#### [What you are asked to do]
Tally the lines in the data that follows that include the word "from", and report nothing but the total.

[Stored data entries]
..........

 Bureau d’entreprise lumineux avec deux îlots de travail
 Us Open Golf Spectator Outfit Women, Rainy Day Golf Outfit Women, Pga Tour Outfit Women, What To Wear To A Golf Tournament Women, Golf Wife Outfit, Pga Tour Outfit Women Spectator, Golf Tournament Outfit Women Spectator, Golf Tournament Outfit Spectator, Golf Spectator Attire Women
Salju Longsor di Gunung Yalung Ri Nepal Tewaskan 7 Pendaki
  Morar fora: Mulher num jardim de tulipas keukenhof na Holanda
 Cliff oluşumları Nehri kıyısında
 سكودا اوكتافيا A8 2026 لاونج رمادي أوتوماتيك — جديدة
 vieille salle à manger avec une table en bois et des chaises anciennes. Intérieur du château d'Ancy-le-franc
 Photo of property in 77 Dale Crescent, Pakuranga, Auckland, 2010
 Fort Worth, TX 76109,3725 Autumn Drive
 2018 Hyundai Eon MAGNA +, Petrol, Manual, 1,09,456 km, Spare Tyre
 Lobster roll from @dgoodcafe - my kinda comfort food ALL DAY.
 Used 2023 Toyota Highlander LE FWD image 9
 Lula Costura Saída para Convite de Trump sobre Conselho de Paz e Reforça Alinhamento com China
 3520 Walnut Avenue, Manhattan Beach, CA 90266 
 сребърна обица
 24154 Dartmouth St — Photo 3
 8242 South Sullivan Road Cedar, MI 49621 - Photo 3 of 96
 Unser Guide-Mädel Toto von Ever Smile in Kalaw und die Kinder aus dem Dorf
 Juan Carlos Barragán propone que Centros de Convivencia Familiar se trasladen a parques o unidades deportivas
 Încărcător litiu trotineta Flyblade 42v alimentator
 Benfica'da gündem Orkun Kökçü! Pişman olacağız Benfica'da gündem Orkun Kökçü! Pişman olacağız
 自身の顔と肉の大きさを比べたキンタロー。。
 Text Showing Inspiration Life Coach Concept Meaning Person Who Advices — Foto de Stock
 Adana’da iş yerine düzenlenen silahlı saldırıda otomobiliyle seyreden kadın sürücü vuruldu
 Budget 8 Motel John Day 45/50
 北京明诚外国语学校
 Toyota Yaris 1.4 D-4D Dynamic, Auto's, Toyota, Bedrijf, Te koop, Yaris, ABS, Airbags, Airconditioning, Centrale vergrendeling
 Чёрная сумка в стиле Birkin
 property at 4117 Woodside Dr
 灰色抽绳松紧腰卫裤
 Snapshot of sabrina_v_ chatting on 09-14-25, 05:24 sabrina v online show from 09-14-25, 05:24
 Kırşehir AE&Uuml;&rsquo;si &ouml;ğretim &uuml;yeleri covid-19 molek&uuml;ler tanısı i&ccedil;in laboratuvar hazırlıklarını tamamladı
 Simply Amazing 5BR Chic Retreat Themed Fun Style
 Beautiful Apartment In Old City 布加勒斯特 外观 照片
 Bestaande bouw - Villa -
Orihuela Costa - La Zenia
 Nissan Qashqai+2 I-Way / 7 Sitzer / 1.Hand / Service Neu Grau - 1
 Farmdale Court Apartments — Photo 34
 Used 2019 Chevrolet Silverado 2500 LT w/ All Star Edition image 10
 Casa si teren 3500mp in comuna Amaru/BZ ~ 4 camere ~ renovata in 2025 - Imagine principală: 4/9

..........

#### [Task answer]
2